The debate over biofuels and economics has tended to focus on mandates and subsidies rather than carbon taxes — unsurprisingly, given the absence of carbon-taxing in the U.S. and the prevalence of large biofuel subsidies, primarily via the Renewable Fuel Standard. Mandates and outright subsidies alike override market price signals in the face of strong evidence, such as the U of Minnesota study noted above, that biofuels’ lifecycle emissions often exceed those of fossil fuels they displace. Analysis of land use changes induced by biofuels mandates has raised additional doubts about net climate benefits as well as concerns that biofuel crops are displacing food crops.
Then there are regulatory or legislative pressures on EPA to categorize biomass burning as carbon-neutral in the regulations that comprise the Clean Power Plan. This prospect has spurred a pushback campaign over lifecycle emissions of biomass.
Let’s start with the fact that combusting biofuel or biomass into bioenergy releases carbon dioxide, just as combustion of fossil fuels does. Unlike fossil fuels, however, the plant sources of bioenergy sequester carbon, through photosynthesis. A “carbon neutral” bioenergy source would be one that sequestered as much carbon in its growth cycle as it released later when burned as fuel, with the sequestering occurring concurrently with the burning, or nearly so, rather than decades hence, when the negative emissions count for less in stabilizing atmospheric CO2 levels.
Even short of that ideal, burning biofuel or biomass that has sequestered a significant part of the CO2 emitted in combustion might seem preferable to burning fossil fuels. On the other hand, combustion of forest biomass emits up to 45% more CO2 than coal when used to generate electricity, according to some estimates, primarily because of the fuel’s high moisture content results in poorer combustion efficiency. And given the diversity and complexity of our and other countries’ energy systems, it’s not at all clear that burning biomass or biofuels would substitute for fossil fuels in the first place.

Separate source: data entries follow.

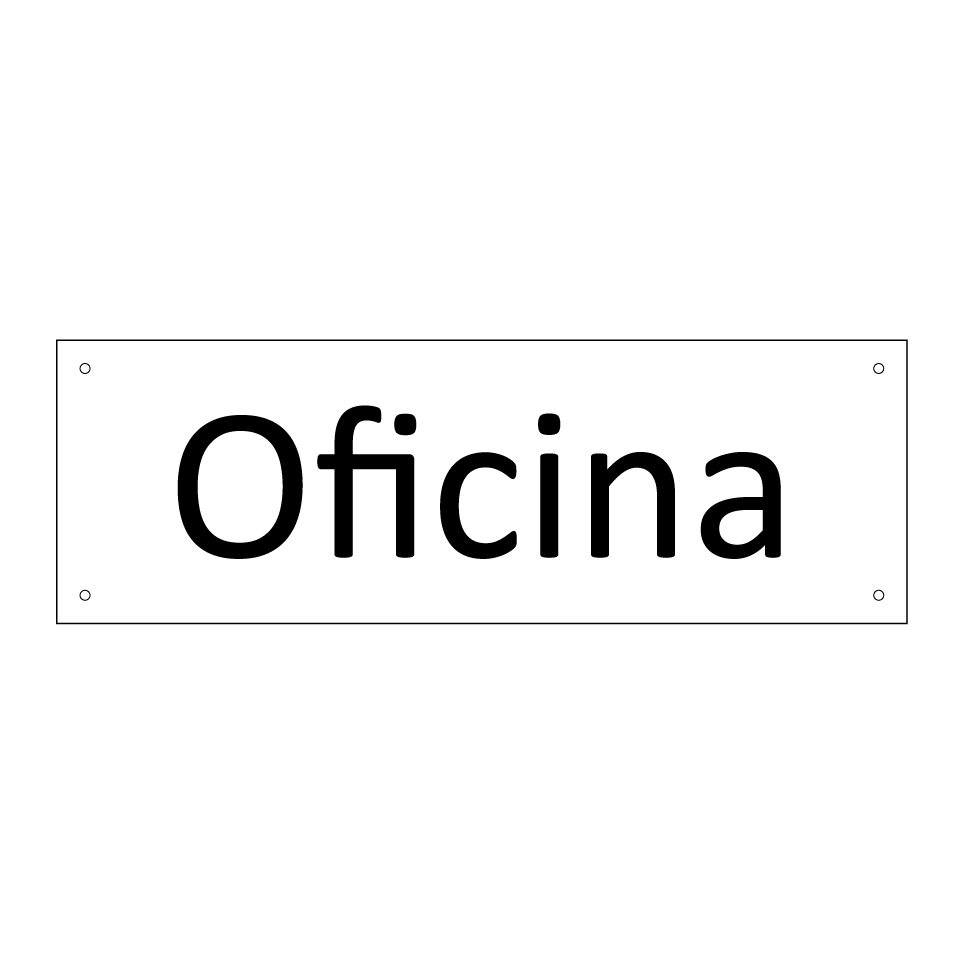 Oficina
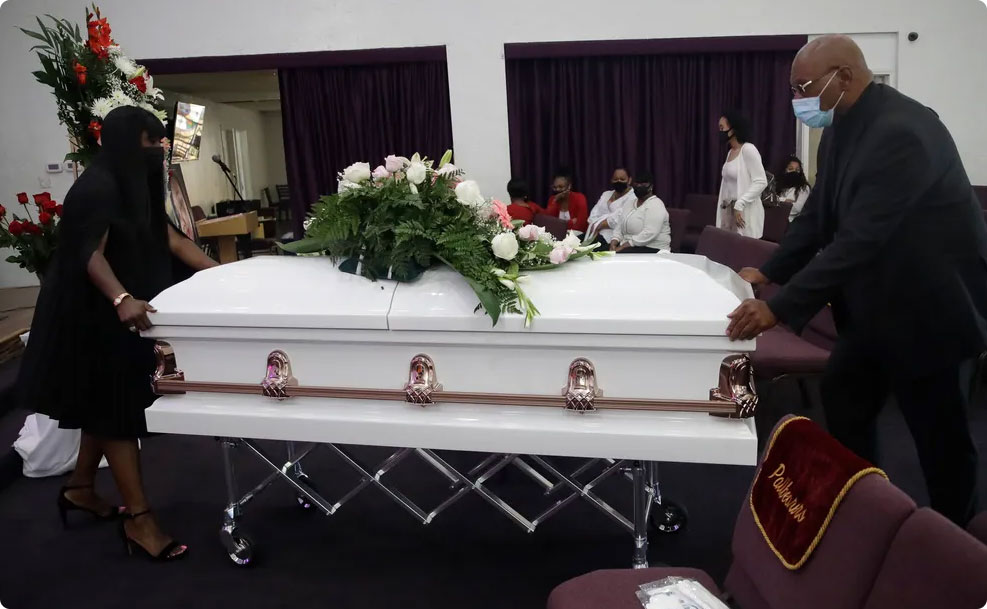 Funeral Home Services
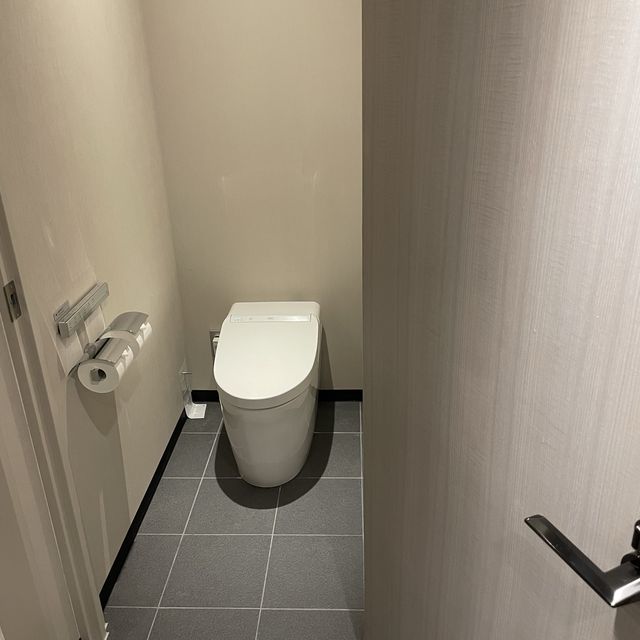 Hilton沖縄瀬底リゾート エグゼクティブツインルーム アウトバス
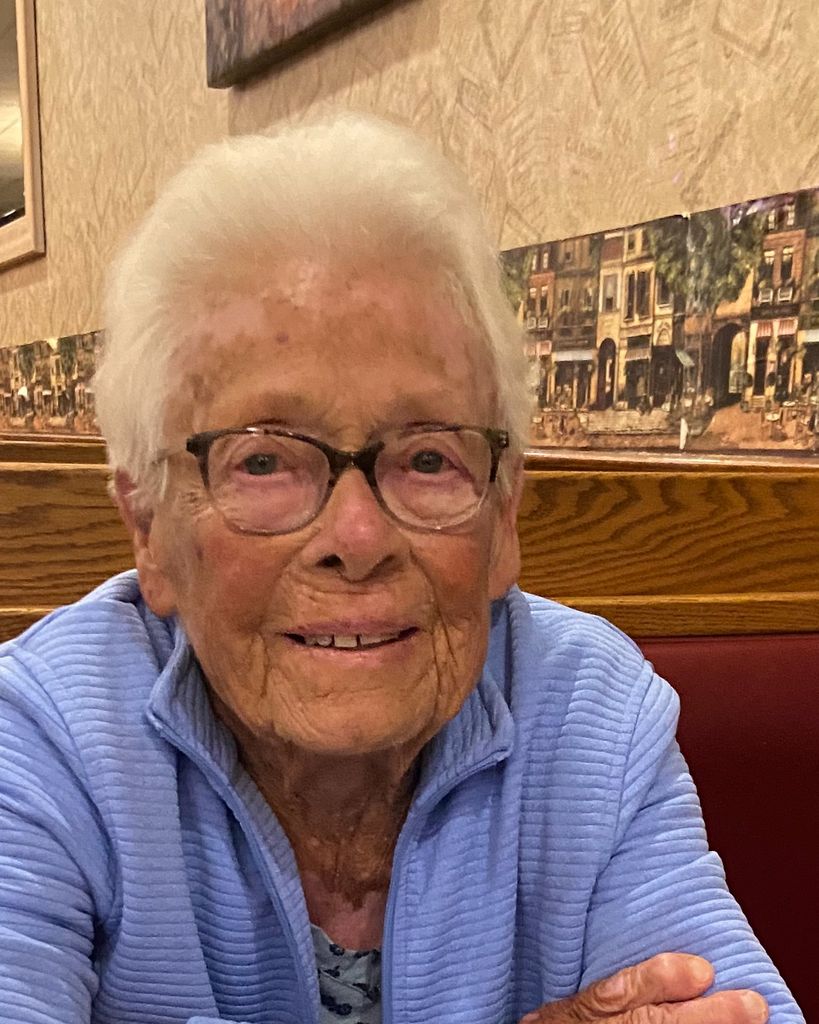 Charlotte "Honey" H. Conti Profile Photo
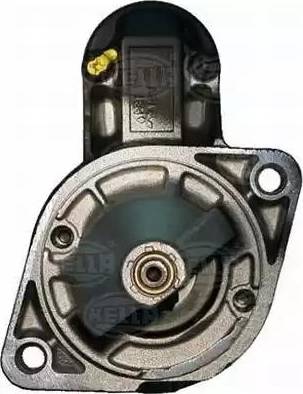 HELLA 8EA 730 231-001 - Starter alexcarstop-ersatzteile.com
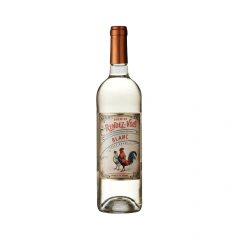 VINHO RENDEZ VOUS SAUVIGNON BLANC - COLOMBARD 750 ML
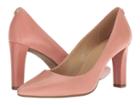 Michael Michael Kors Abbi Flex Pump (light Rose) Women's Shoes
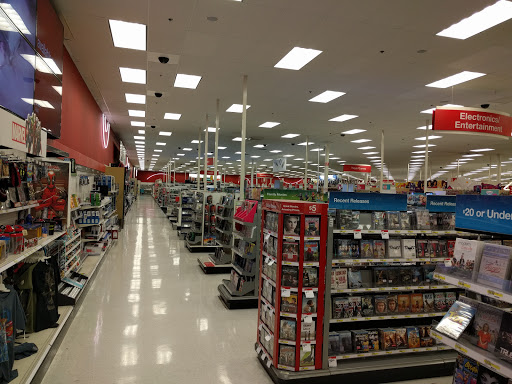 Department Store «Target», reviews and photos, 4300 Las Positas Rd, Livermore, CA 94551, USA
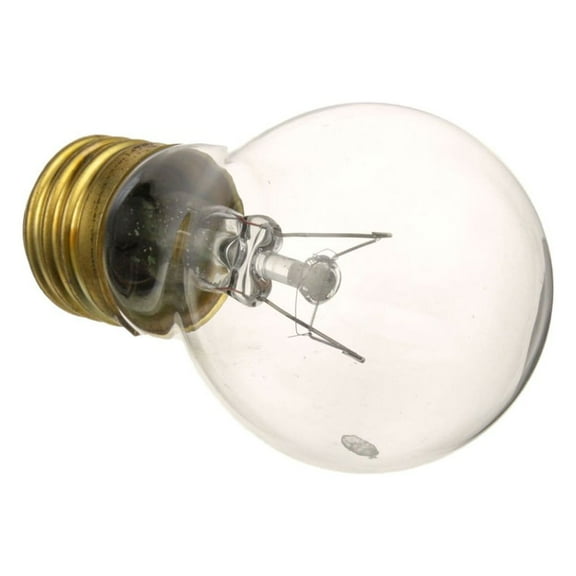 STA-2S-31603-09 Oven Lamp 120V, 50W | Exact Fit Replacement for Star 2S-31603-09 | SHARPTEK.COM Parts - Made In USA | 180-Day Warranty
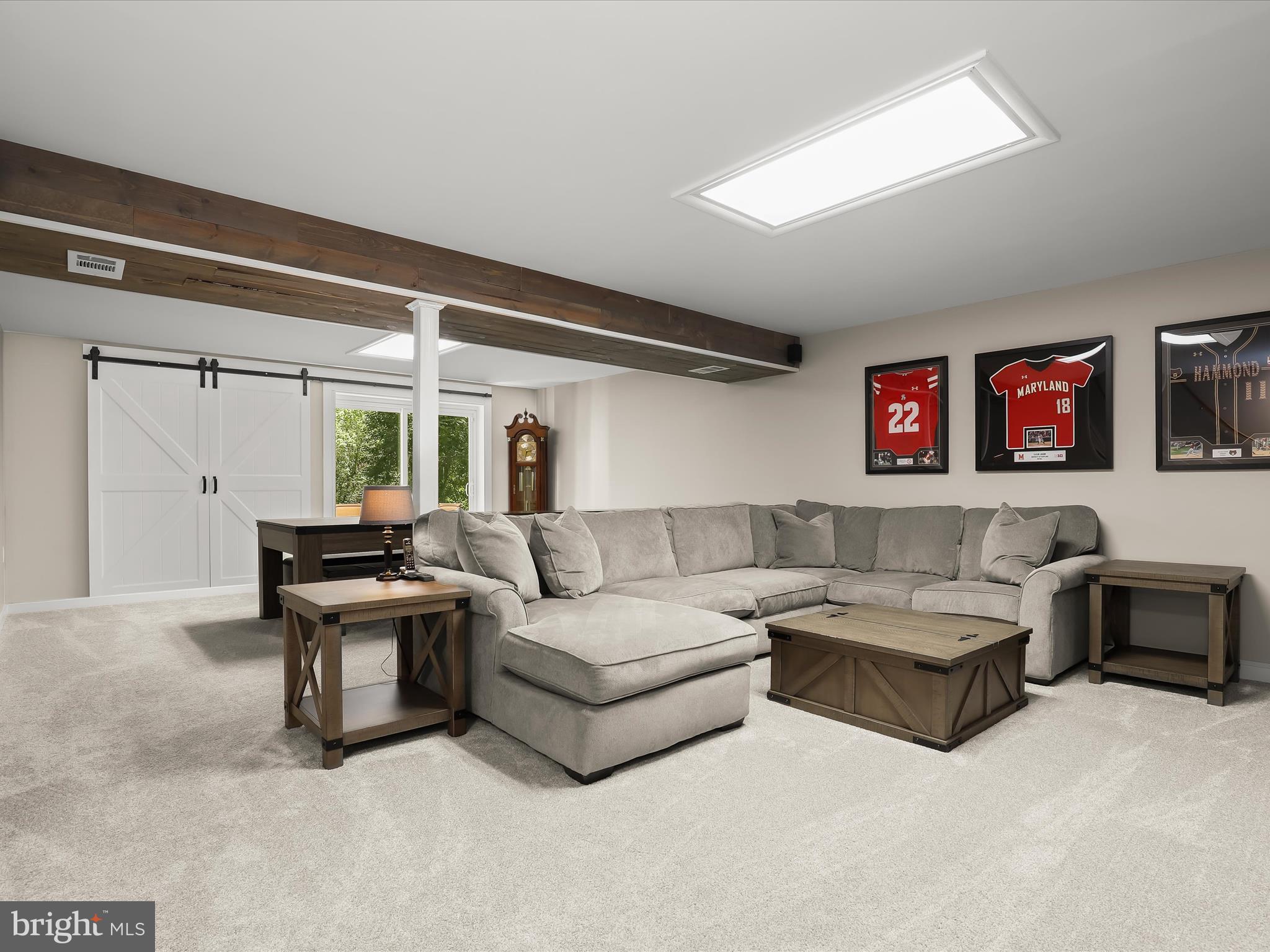 VILLAGE OF KINGS CONTRIVANCE - Residential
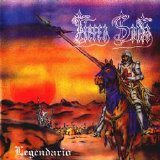 Tierra Santa - Legendario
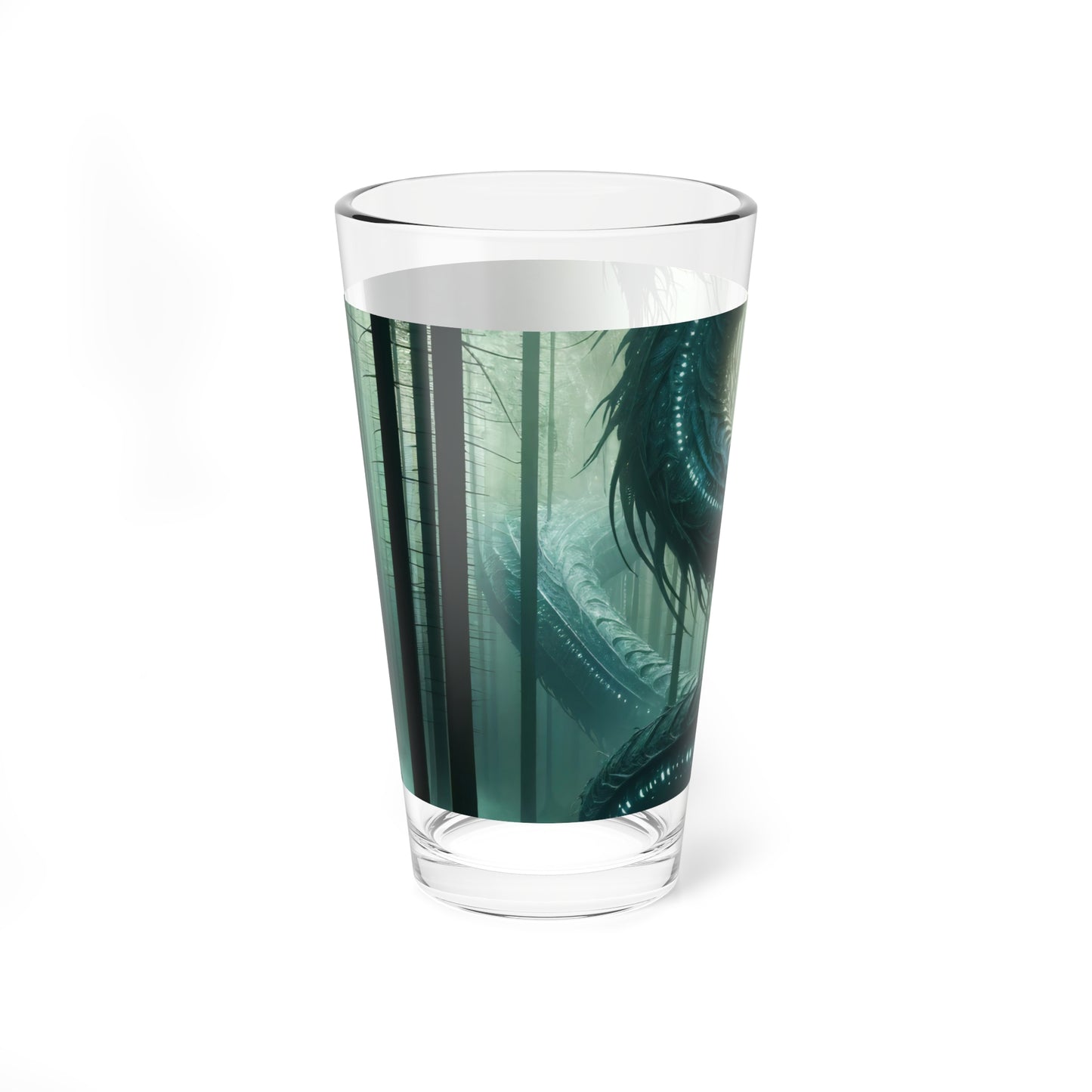 Cocktail Glass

Biofuels – Driven by Mandates and Subsidies
Buckling to pressure from agribusiness and farm-state senators and representatives, but also citing biofuels’ asserted climate and energy-security benefits, Congress included a “Renewable Fuel Standard” in the Energy Policy Act of 2005. The standard mandated annual production of 7.5 billion gallons of biofuel by 2012, a figure raised to 9 billion gallons for 2008 and 36 billion gallons by 2022. (For comparison, autos and light trucks, which account for just under half of U.S. consumption of petroleum products, burned 140 billion gallons of gasoline in 2015.)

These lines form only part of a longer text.